Sul21: Conversei com o deputado Elvino Bohn Gass (PT) na última sessão plenária da AL e ele afirmou que uma das coisas que precisam mudar na Casa é o fato de os deputados da base governista não exercerem a fiscalização. O senhor acredita que, no caso de uma eventual denúncia, por exemplo, a base aliada de Tarso vai apurá-la ou vai meramente defender o governo?
AV: Não tenho dúvida de que a fala é correta. Toda e qualquer denúncia que tenha consistência deve ser apurada. Espero que não se refute denúncias consistentes. É sempre bom que você faça denúncia com base consistente, porque isto obriga quem está sendo acusado a ter que, no mínimo, tomar medidas para dar transparência ao processo. Então estou de acordo que se deve enfrentar estas questões.
“Historicamente, o PT defende a diminuição da diferença entre os maiores e menores salários”Sul21: Os deputados votaram seus salários na AL na semana passada e uma das grandes queixas dos parlamentares era de que ganhavam bem menos que categorias de similar importância no Judiciário. Assim como os parlamentares, várias categorias buscam equiparação com alguma outra carreira e isto se torna um reajuste desenfreado. Como fazer para estancar isto?

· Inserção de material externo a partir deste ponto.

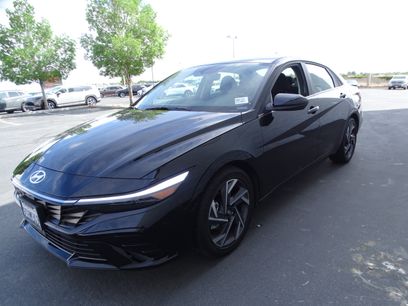 Certified 2025 Hyundai Elantra SEL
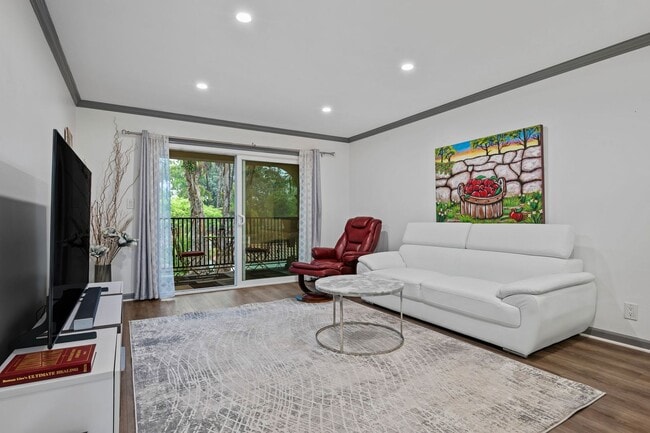 Building Photo - Fully Furnished 1BR/1BA – Top-Floor El Escorial Villa at East Beach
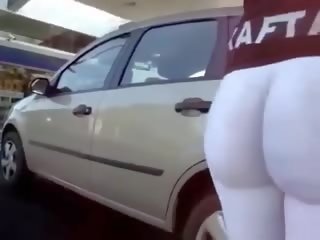 Groß arsch bei gas station zeigen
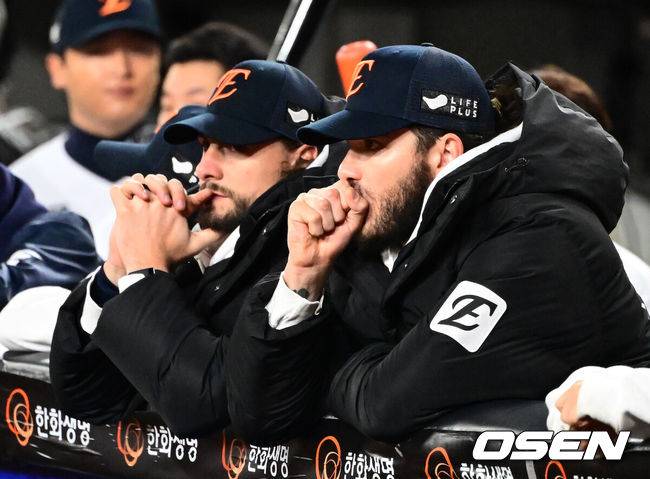 [OSEN=대전, 지형준 기자] 31일 대전 한화생명볼파크에서 2025 신한 SOL Bank KBO리그 포스트시즌 한국시리즈 5차전 한화 이글스와 LG 트윈스의 경기가 열렸다.이날 경기에 한화는 문동주를, LG는 톨허스트를 선발투수로 내세웠다. 7회말 한화 와이스, 폰세가 경기를 지켜보고 있다. 2025.10.31 /jpnews@osen.co.kr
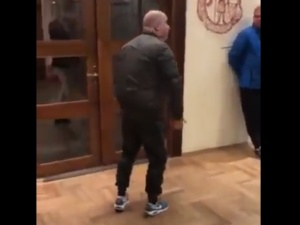 [video] Agresywnie zachowujący się człowiek na spotkaniu z Patrykiem Jakim: "No chodź, no chodź!"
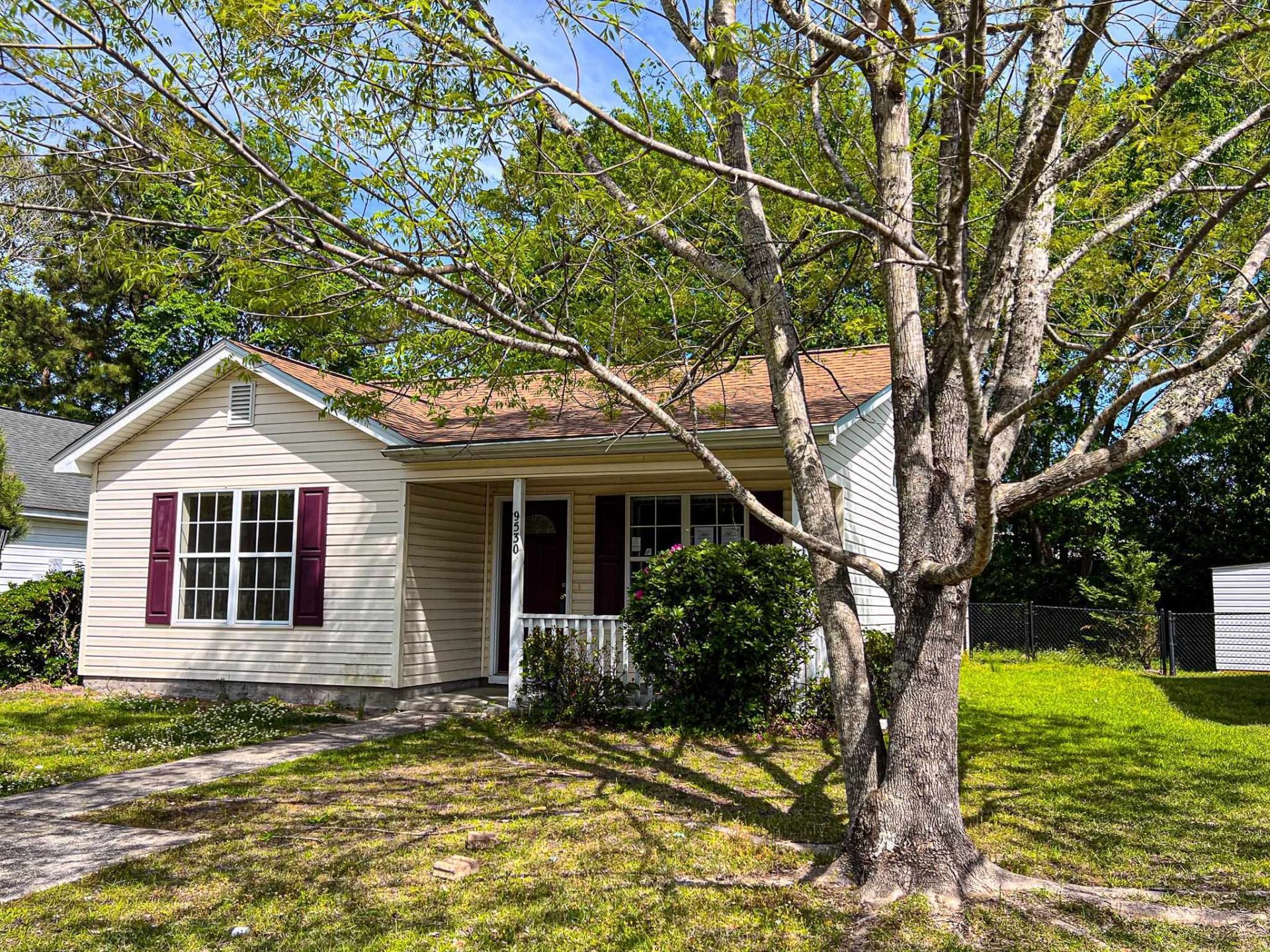 9530 Leeds Circle Photo 4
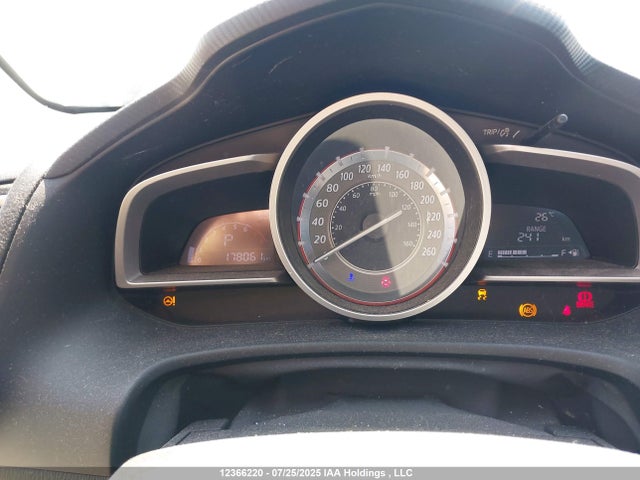 JM1BM1V72E1118576 Mazda pe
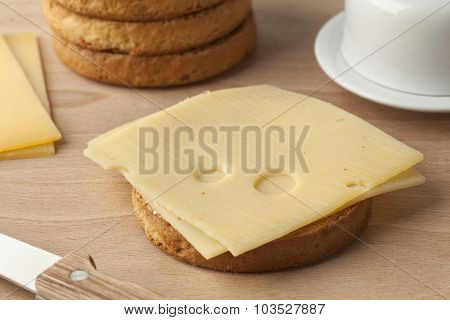 Beschuit with Dutch cheese for breakfast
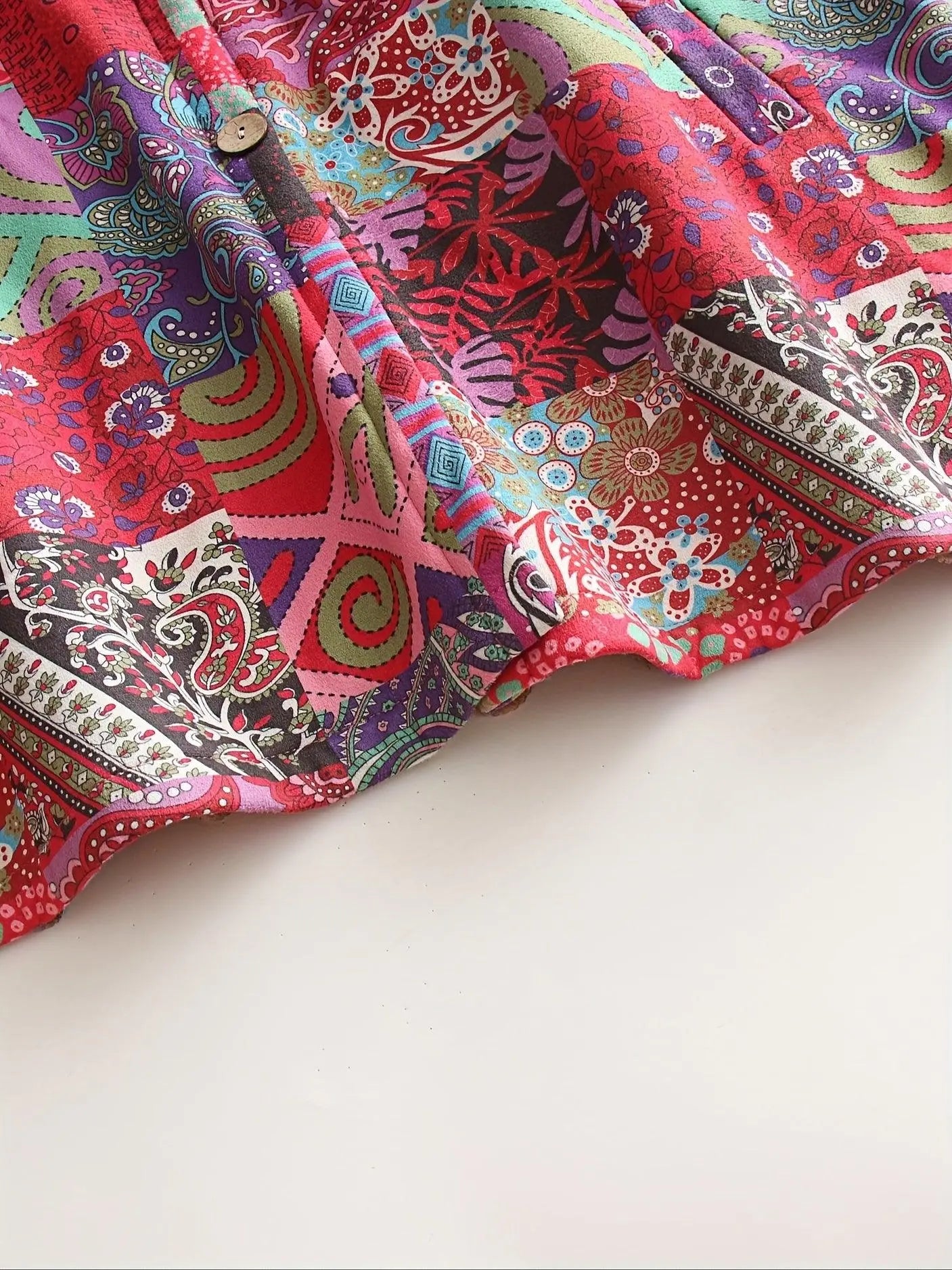 Plus Size Patchwork Print Hooded Coat, Casual Button Front Long Sleeve Warm Outerwear For Fall & Winter, Women's Plus Size Clothing - SS69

AV: Este processo recente revelou três coisas. A primeira é que teto não pode virar indexador. Segundo, que os reajustes têm que se dar em parâmetros realistas. E terceiro, que não se pode deixar um prazo de quatro anos para se fazer reajustes. Tem que se diminuir estes espaços para que os índices que são tomados como referência não sejam desproporcionais aos outros reajustes de salário, seja no estado, seja no Brasil. Este processo recente revelou estas três limitações e elas têm que ser superadas. E há ainda um quarto e último elemento que é aquilo que formou a posição do PT. O partido historicamente defende a ideia de que você tem que diminuir a diferença entre os maiores e menores salários. Portanto, os reajustes das categorias com maiores salários deve se subordinar aos reajustes das categorias com menores salários. Por isto é que defendemos uma alternativa de índice a esta decisão tomada em Brasília.
Sul21: Mas não é necessário também um grande diálogo entre os poderes Legislativo, Executivo e Judiciário estaduais para cessar aumentos que partem apenas dos interesses de cada categoria?
AV: Sim, mas os poderes não podem conversar apenas entre eles. É preciso que conversem com a sociedade e com o conjunto das categorias dos servidores públicos.